Семейные прощания окончились, и герцог Гандии отправился на пристань, где его ждали четыре гружёные его багажом галеры, дабы отвезти его в Барселону. Этим ясным летним утром поглазеть на него явились огромные толпы народа, люди стояли на Кампо деи Фьори и под зубчатыми стенами замка Сант-Анджело. Господи, неужели им больше нечего делать, как перешёптываться и показывать пальцем на папского сына лишь потому, что на нём нелепое длинное украшенное кистями одеяние и изумруд размером с мой глаз? Чезаре Борджиа возглавил рой служителей церкви, явившихся, дабы благословить это путешествие. Он был самым высоким из них всех, и о, я бы многое дала, чтобы узнать мысли, скрывающиеся под его неподвижным лицом! Моя свекровь торопливо шагала вместе с Лукрецией и двигающимся вприпрыжку Джоффре, за ними под руку с Сандро шла я; а за нами, толкаясь в стремлении оказаться в первых рядах, шествовали дружки Хуана. К счастью, большинство этих оболтусов он заберёт с собою в Испанию... а вот Ваноцца деи Каттанеи посылает Хуану последний воздушный поцелуй. По-видимому, она подкупила моих модисток, чтобы те показали ей, что я надену на проводы, потому что сегодня она была облачена в платье точно такого же солнечно-жёлтого оттенка, как и я, только её наряд был намного больше расшит золотом, серебром и жемчугом. Она была похожа на лимон, и у неё так кривились губы, словно за ними тоже скрывался лимон, который она сосала.

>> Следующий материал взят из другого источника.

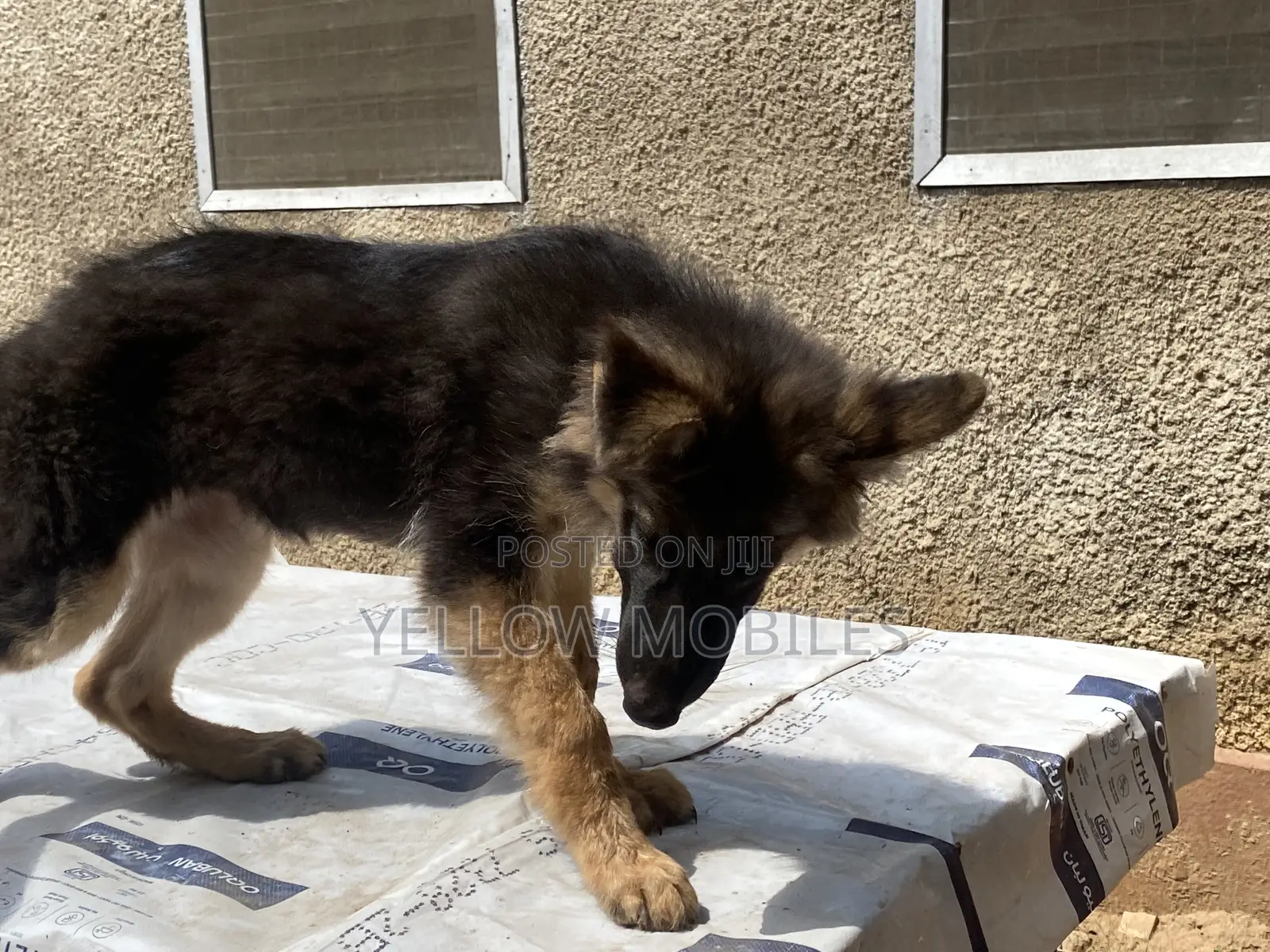 1-3 months Female Purebred German Shepherd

Увидев, что я на неё смотрю, она вскинула голову, и я послала ей сладчайшую из моих улыбок.
Мой Папа — о Боже, он выглядел таким величественным в своих белых шитых золотом папских одеждах, развевающихся вокруг его портшеза, но его лицо было так же недвижно, как у Чезаре, — и это означало, что он старается сдержать слёзы. Любимый сын Родриго улетал из гнезда. А скоро ему придётся отпустить и Лукрецию, которая должна будет отправиться к мужу — а потом, наверное, придёт черёд Джоффре. Малыша Джоффре, который сейчас стоял на пристани рядом со своим отцом — Папой Римским, держа Лукрецию за руку, и оба они, и мальчик и девочка, — кусали губы. Два невинных агнца, но в семье Борджиа дети росли быстро.
Хуан Борджиа соскочил со своего коня, картинно взмахнув испачканной грязью полой своего одеяния из золотой парчи, и поднял руку, приветствуя толпу, которая ответила ему громом аплодисментов. Он встал на колени, сдёрнув с головы украшенный плюмажем и расшитый жемчугом и изумрудами берет, и вперёд вышел Чезаре Борджиа, чтобы произнести слова благословения; его красивое лицо было неподвижно, как камень.

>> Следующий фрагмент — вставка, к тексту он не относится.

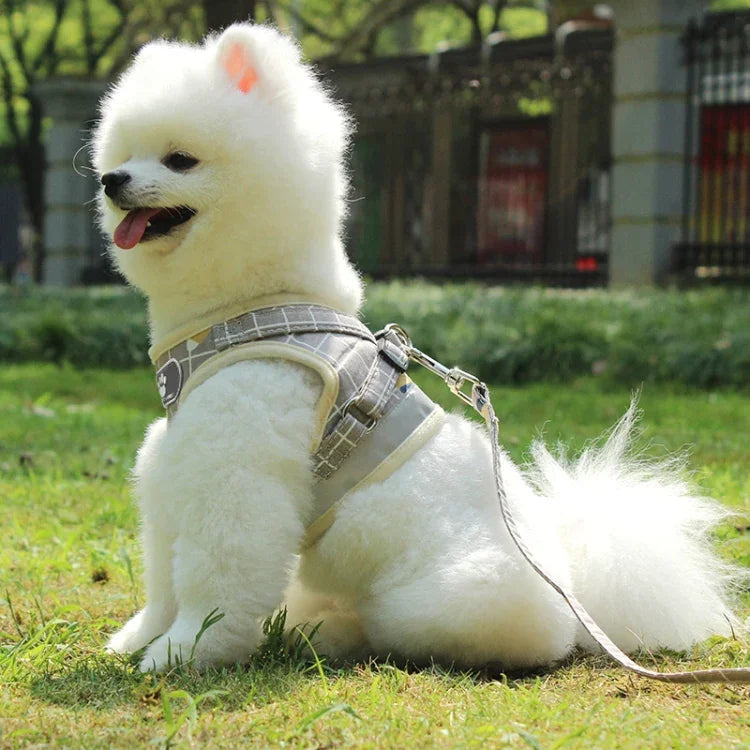 Áo yếm phản quang và thoáng khí, Dây kéo ngực thú cưng, XS, S, M, XL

— Готова заложить архиепископство, что он благословляет брата только для вида, — шепнула я Сандро. — Эти двое не очень-то любят друг друга.
Каин и Авель[86], — фиглярничая, сказал мой брат. — Связанные общей кровью и взаимной ненавистью...
— Я бы так далеко не заходила. В конце концов, пока никто никого ещё не убил. Хотя дело подошло близко к этому, когда Хуан взял без спроса любимого коня Чезаре и в конце концов конь сломал ногу, когда Хуан на нём прыгнул.